Plenty of procedures and protocols are in place in our nation’s schools. Nearly everything has a system in place that helps bring structure to all aspects of education. When a school day becomes chaotic, however, and an emergency arises, adhering to the in-place policy for response and communication can become difficult or impossible. Below is a collection of advice and insight from educators on how to handle emergencies in school.
1. Planning & Preparation
It’s important to have a plan in place the entire school building is familiar with and a part of. Planning for emergencies is like insurance; something that has to be done upfront and hopefully never acted upon. Emergencies in schools can range from natural disasters to human-centered situations. Each type of emergency needs to have its own contingency plan. How to respond to a tornado warning is different than responding to an intruder.
The emergency response plans should be revisited every school year and updated as necessary in light of feedback post-event, should one occur.
2. Define Roles & Responsibilities
Identify your chain of command and make the roles and responsibilities very clear throughout staff members and teachers. Every leader should understand his or her role and who is responsible for making decisions in emergency situations. How information is distributed during an emergency and how communication is supported is nearly as important as the emergency plan itself.
There’s no such thing as over-preparation or over communication. Encourage your team to do both, and do it often. A safe school is the best school.
3. Consider Prevention Tactics
Of course, schools cannot prevent natural disasters, though many can be predicted, giving schools districts enough time to evacuate and follow safety precautions outlined in the emergency plan. Assessing risk before it impacts a school is a prevention tactic that can help support emergency response plans. Consider the building’s structure; newer schools usually have the benefit of being the most prepared due to construction code. Some older buildings will need a different angle of predicting what could happen in case of a fire, tornado, or earthquake.

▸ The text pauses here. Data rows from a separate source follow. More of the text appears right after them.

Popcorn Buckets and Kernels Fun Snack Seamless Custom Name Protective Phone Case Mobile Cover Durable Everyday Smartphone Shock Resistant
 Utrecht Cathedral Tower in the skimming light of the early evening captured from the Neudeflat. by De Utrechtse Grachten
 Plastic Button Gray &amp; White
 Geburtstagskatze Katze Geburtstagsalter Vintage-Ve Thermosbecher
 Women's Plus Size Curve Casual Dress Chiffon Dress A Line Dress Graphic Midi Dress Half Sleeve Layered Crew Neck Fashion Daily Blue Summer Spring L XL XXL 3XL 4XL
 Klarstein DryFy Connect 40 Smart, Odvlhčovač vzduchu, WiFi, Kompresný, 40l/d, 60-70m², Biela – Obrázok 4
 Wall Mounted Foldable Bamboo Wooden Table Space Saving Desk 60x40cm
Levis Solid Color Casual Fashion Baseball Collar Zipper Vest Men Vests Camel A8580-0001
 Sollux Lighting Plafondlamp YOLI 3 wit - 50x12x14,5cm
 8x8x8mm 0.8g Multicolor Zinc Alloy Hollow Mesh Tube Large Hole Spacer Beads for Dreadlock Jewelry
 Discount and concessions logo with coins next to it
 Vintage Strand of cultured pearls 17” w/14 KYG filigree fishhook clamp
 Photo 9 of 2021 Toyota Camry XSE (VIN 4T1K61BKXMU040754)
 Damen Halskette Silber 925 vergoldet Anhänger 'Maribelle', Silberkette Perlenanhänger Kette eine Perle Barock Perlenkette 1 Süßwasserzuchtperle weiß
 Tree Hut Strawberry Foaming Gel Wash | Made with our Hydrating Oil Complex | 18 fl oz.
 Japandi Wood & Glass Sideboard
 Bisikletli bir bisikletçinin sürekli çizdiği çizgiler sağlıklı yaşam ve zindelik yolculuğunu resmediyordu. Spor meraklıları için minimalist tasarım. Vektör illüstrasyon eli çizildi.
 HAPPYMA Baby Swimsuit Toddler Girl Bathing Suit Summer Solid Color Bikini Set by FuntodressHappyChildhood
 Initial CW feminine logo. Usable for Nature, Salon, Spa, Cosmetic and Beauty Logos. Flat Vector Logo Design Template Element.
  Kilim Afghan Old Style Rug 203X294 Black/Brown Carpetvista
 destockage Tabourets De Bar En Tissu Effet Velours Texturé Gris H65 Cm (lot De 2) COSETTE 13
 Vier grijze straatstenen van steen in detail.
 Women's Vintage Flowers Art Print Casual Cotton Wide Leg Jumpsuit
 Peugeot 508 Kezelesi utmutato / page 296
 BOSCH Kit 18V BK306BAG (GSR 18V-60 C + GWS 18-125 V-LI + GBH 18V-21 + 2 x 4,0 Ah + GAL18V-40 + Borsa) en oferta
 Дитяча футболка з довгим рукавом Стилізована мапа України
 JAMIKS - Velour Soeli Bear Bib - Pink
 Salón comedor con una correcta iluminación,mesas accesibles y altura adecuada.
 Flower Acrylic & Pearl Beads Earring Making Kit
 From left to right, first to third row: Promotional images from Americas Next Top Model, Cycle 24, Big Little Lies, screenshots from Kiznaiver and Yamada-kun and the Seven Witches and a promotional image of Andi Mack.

Evacuation and lockdown drills are commonplace in schools for a reason — faculty and staff need to lead students through established plans to secure safety regardless of perceived threat. Post maps for evacuation throughout the building that help enforce plans and give emergency responders a point of navigation.
4. Foster Trust
Depending on the age of students in a building, developing a relationship with emergency responders can be beneficial to help bridge the gap between schools and the community. Media and word-of-mouth can distort the perception of who to trust in emergencies, giving children an unclear sense of how to follow directions in times of chaos. Consider hosting police officers, firefighters, and EMTs as part of your school’s emergency preparedness. Engaging students with emergency workers before one strikes can be beneficial in a time of crisis when time is of the essence.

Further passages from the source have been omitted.